Khadas VIM3 custom one-class YOLOv3 inference issue

@Akkisony The NPU is integrated in the CPU, so there is no way to test the power consumption separately

@Frank Thanks again!
Can you please suggest me what other parameters can I measure in order to compare NPU with Coral TPU.
Currently, I have inference time and accuracy. I thought power consumption is also an important parameter.
Can you suggest me any other parameters to compare?

@Akkisony I am not familiar with this part of the hardware, nor do I have a good way to measure power consumption. Maybe you can measure the power consumption of a standby VIM3, and then measure the power consumption of running the NPU application to see how much the power consumption of running the NPU has increased. Then use the same method and software to measure coral

@Frank Thanks for your input.

@Frank I just need few clarification.

  1. Which image format does yolov3 take input?
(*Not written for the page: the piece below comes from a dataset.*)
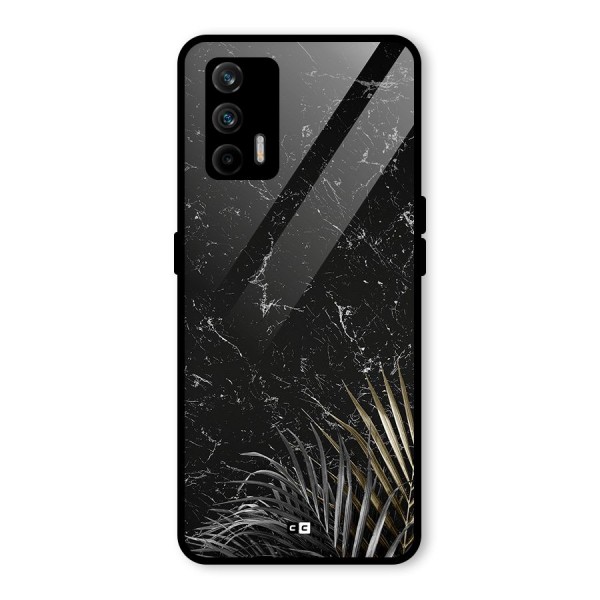 Awesome Royal Marble Glass Back Case for Realme GT 5G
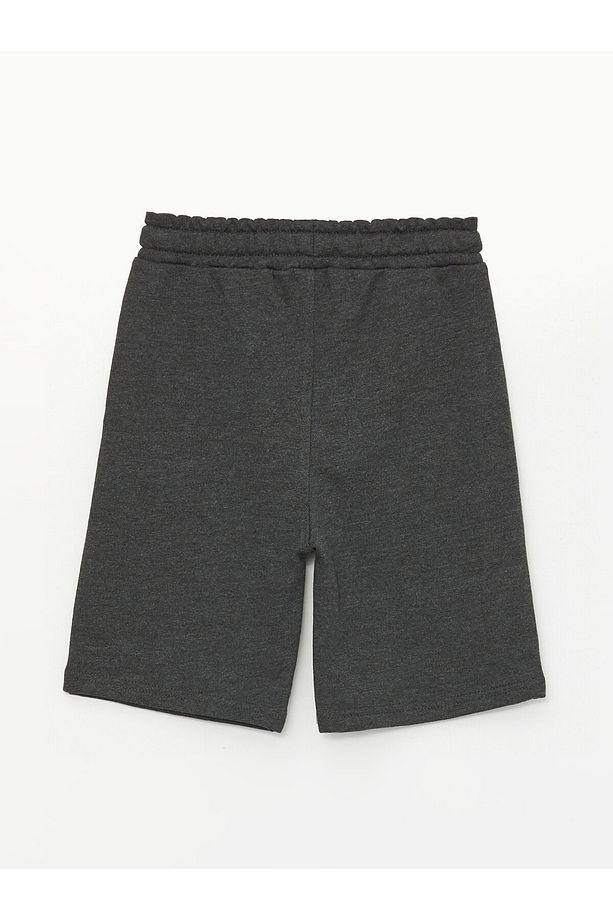 Beli Lastikli Basic Erkek Çocuk Şort - 4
Is it RGB or BGR?
  2. When we use the SDK for quantizing the model, which quantization technique is applied?

Thanks for your time.

@Frank I am using gdb to track the error. I found that TIM-VX is an issue. DO you have any idea where I need to clarify? I initially thought the program was not able to read the tengine model (But I think it does read it correctly as I get no error message printed for model not being read). Please find the screenshot below. Any inputs would help me solve the issue.
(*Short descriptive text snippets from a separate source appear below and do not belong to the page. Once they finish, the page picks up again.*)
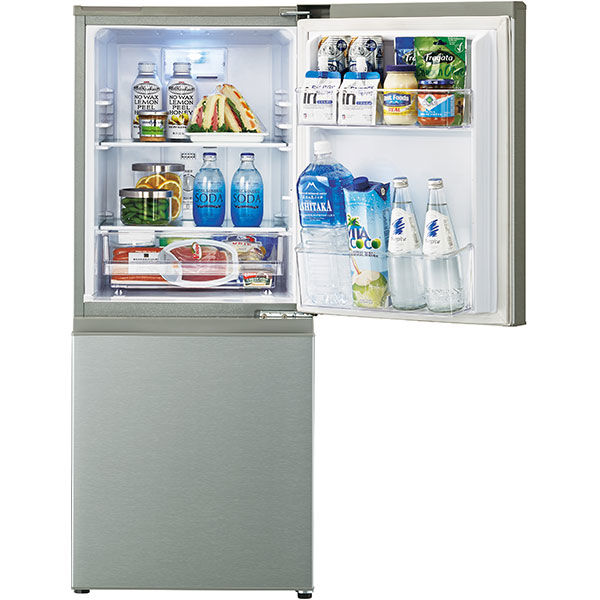 AQUA／アクア ノンフロン冷凍冷蔵庫 126L 2019年製 AQR-13H リサイクル 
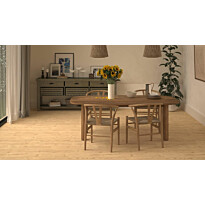 Vinyylimatto Tarkett Iconik T-Extra Tyrol Pine Natural, leveys 4m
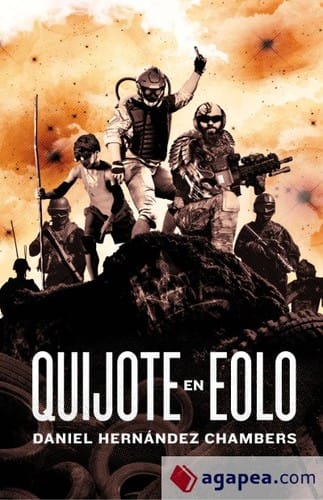 Quijote en Eolo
I traced the program and found the below snippet is getting executed.

struct device* selected_device = find_device_via_name(dev_name);
if (NULL == selected_device)
{
    TLOG_ERR("Tengine: Device(%s) is not found(may not registered).\n", dev_name);
    return -1;
}

Can you share any inputs what might be missing in this case?

You can found this in aml_npu_sdk docs

@Frank Thank you for the confirmation.

Can you please help me with Khadas VIM3 custom one-class YOLOv3 inference issue - #21 by Akkisony

Thanks in advance.

@Akkisony What program are you running? Is it the official demo?
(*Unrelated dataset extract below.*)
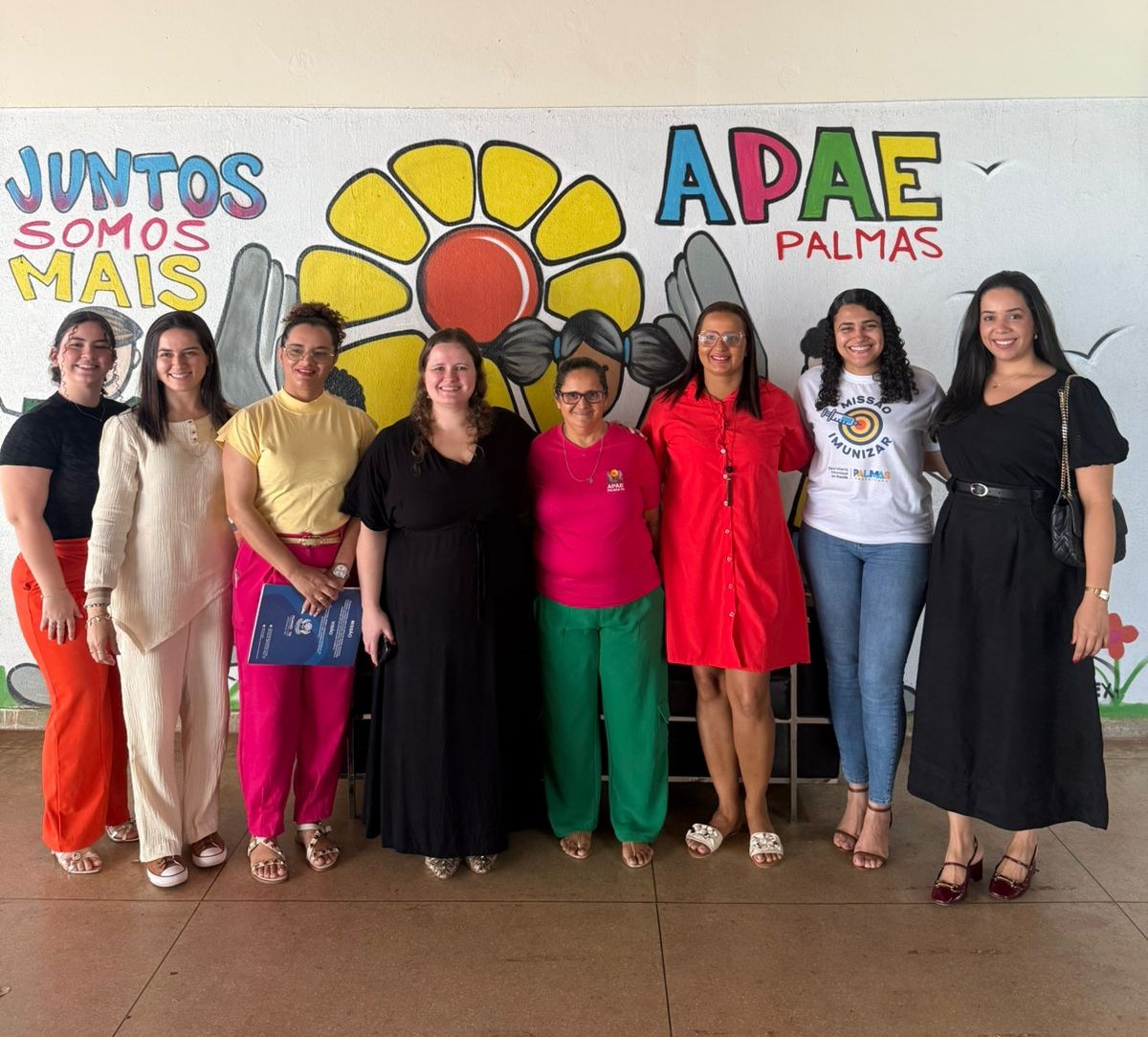 Saúde de Palmas firma parceria com Apae para reabilitação de pacientes com deficiência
@Frank Yes, it is the official demo. But I have just altered the code a little to be compatible to our software.
I just want to know when do we get TIM-VX error? Do I get them when the model is not loaded correctly or are there any other reason?
Thank you!

@Akkisony I’m not sure why this problem occurs, I haven’t seen it yet, what have you modified, can you provide me with a look?

@Frank Can you please let me know how can I measure the accuracy loss of the model after converting them from darknet to tengine format. Because there is always a loss in accuracy after quantization. I need to know if there is any means where I can measure them? @Frank
@alcohol
Thanks

@Akkisony Maybe you can found it in https://github.com/OAID/Tengine/tree/tengine-lite/doc

@Frank Hi, can you please explain briefly how do you calculate the ‘top’ and ‘left’ co-ordinates of the bounding box?

if (cls >= 0)
{
box b = dets[i].bbox;
int left = (b.x - b.w / 2.) * frame.cols;
int top = (b.y - b.h / 2.) * frame.rows;
if (top < 30) {
top = 30;
left +=10;
}

#if DEBUG_OPTION
fprintf(stderr, “left = %d,top = %d\n”, left, top);

Does ‘top’ mean that the co-ordinate of the bounding box is ‘top’ pixels below?
Does ‘left’ mean that the co-ordinate of the bounding box is ‘left’ number of pixels away?

I need this small clarification. Thanks in advance.

@Akkisony

  1. You get a 1920x1080 picture from the camera.
  2. Resize to 416x416 for NPU reasoning.
  3. Assuming that an object is recognized, the center point and length and width of the object area will be obtained.
  4. Next, on the 416x416 picture, through the position and length and width of this area, calculate the upper left corner point and w and h of this area.
  5. Finally, according to the initial resize ratio, the data on the original picture is calculated, that is, the information drawn on the picture through opencv.

The code here is step 4

1 Like

@Frank Thank you for the explanation with the diagram. :slight_smile:

I have trained a model to detect a single class using yolov3. The detection seems fine on the CPU, however on the NPU, I have some issues with the non max suppression (as I get 2601 detections on a single image). Can you share your expereince, so it would help me to solve this problem?

These below are the parameter:
const int classes = 1;
const float thresh = 0.5;
const float hier_thresh = 0.5;
const float nms = 0.80;
const int numBBoxes = 5;
const int relative = 1;
const char *coco_names[1] = {“battery”};
float biases[18] = {10, 13, 16, 30, 33, 23, 30, 61, 62, 45, 59, 119, 116, 90, 156, 198, 373, 326};

I even increased the nms value to 0.80, yet, I have the same issue. Please shed some input which can help me to solve the issue! Thanks in advance.

Please find the sample output.
Repeat 1 times, thread 1, avg time 85.24 ms, max_time 85.24 ms, min_time 85.24 ms

num_detections,2601
0: 100%
left = 245,top = 30
0: 100%
left = 253,top = 30
0: 100%
left = 269,top = 30
0: 100%
left = 385,top = 35
0: 100%
left = 102,top = 59
0: 100%
left = -23668,top = 51
0: 100%
left = 110,top = 51
0: 100%
left = -1333402262,top = 58
0: 100%

@Akkisony Many people have reported the problem of the single-category yolo model, so I will make a single-category yolo model this week to see where the problem is

@Frank Thank you. Please update me if you find a solution.

@Akkisony I successfully converted a hand detection model. I will release it this week or next. You can follow the forum or docs at that time.

@Frank Looking forward to the release. I hope now single class detection works using yolov3.
Thank you